• [Task objective] Retype every record exactly. Leave the pictures out.
Data for the task section start
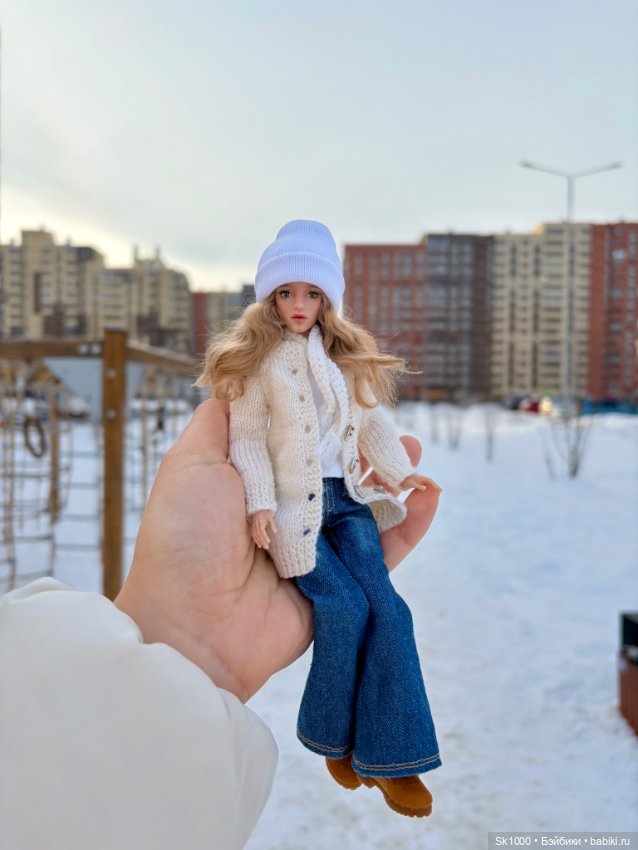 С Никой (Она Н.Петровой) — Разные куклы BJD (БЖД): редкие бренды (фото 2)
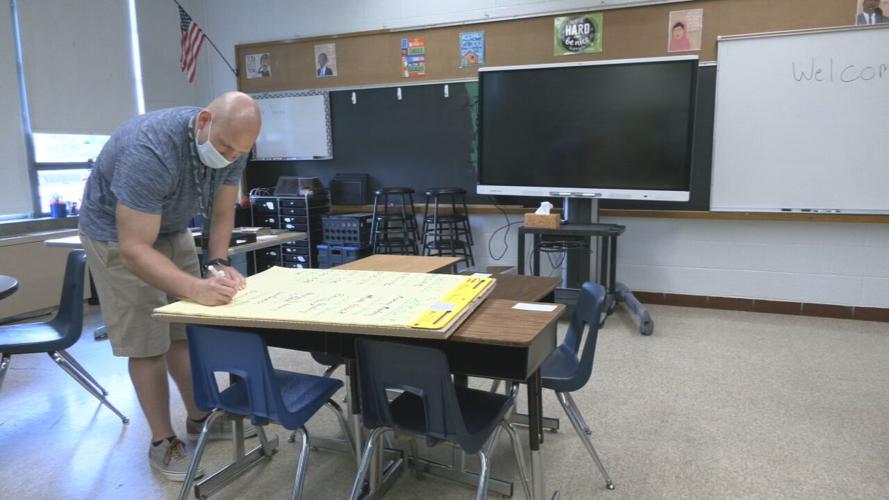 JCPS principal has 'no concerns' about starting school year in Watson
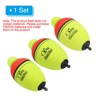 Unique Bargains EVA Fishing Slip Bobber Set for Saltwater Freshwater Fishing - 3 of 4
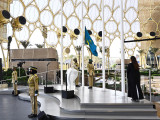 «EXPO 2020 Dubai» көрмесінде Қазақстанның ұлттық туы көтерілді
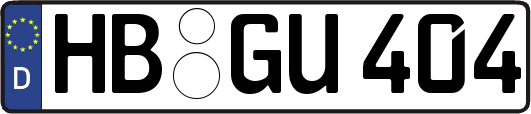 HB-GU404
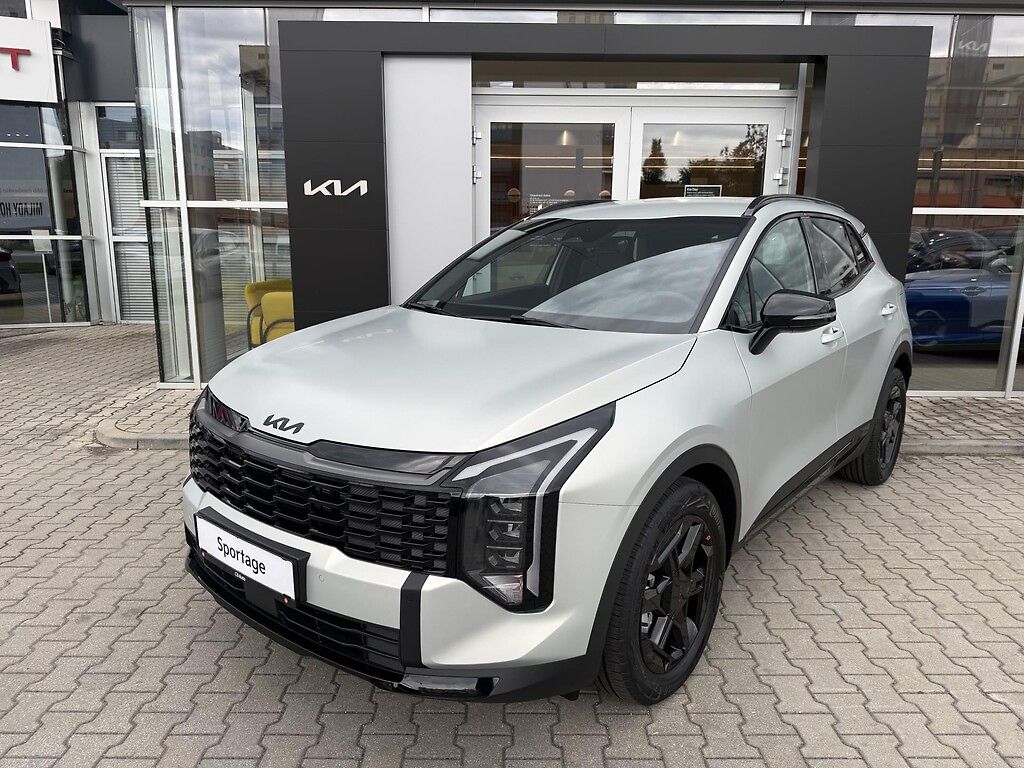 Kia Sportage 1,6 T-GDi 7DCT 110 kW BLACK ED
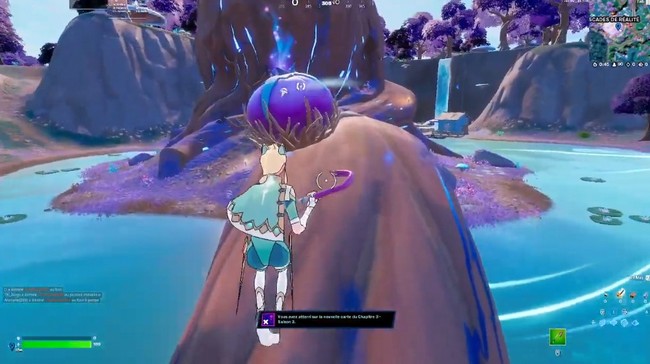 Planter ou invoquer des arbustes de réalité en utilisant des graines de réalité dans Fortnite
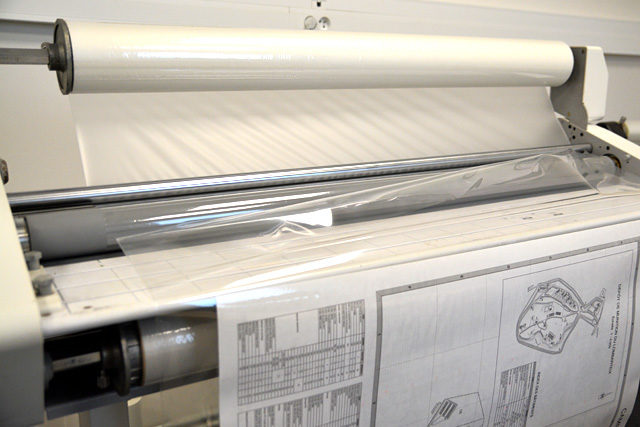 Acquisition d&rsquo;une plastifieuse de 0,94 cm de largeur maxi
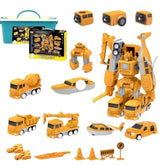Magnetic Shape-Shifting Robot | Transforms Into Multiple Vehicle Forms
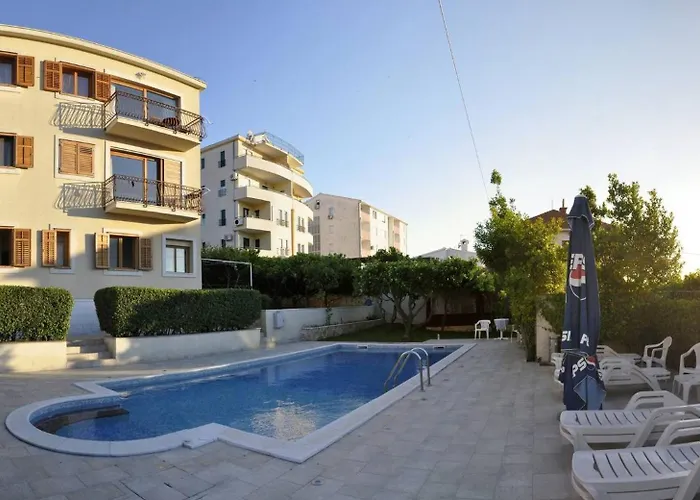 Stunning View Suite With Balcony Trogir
Data for the task section end
• [Reply to the task]
 С Никой (Она Н.Петровой) — Разные куклы BJD (БЖД): редкие бренды (фото 2)
 JCPS principal has 'no concerns' about starting school year in Watson
 Unique Bargains EVA Fishing Slip Bobber Set for Saltwater Freshwater Fishing - 3 of 4
 «EXPO 2020 Dubai» көрмесінде Қазақстанның ұлттық туы көтерілді
 HB-GU404
 Kia Sportage 1,6 T-GDi 7DCT 110 kW BLACK ED
 Planter ou invoquer des arbustes de réalité en utilisant des graines de réalité dans Fortnite
 Acquisition d&rsquo;une plastifieuse de 0,94 cm de largeur maxi
Magnetic Shape-Shifting Robot | Transforms Into Multiple Vehicle Forms
 Stunning View Suite With Balcony Trogir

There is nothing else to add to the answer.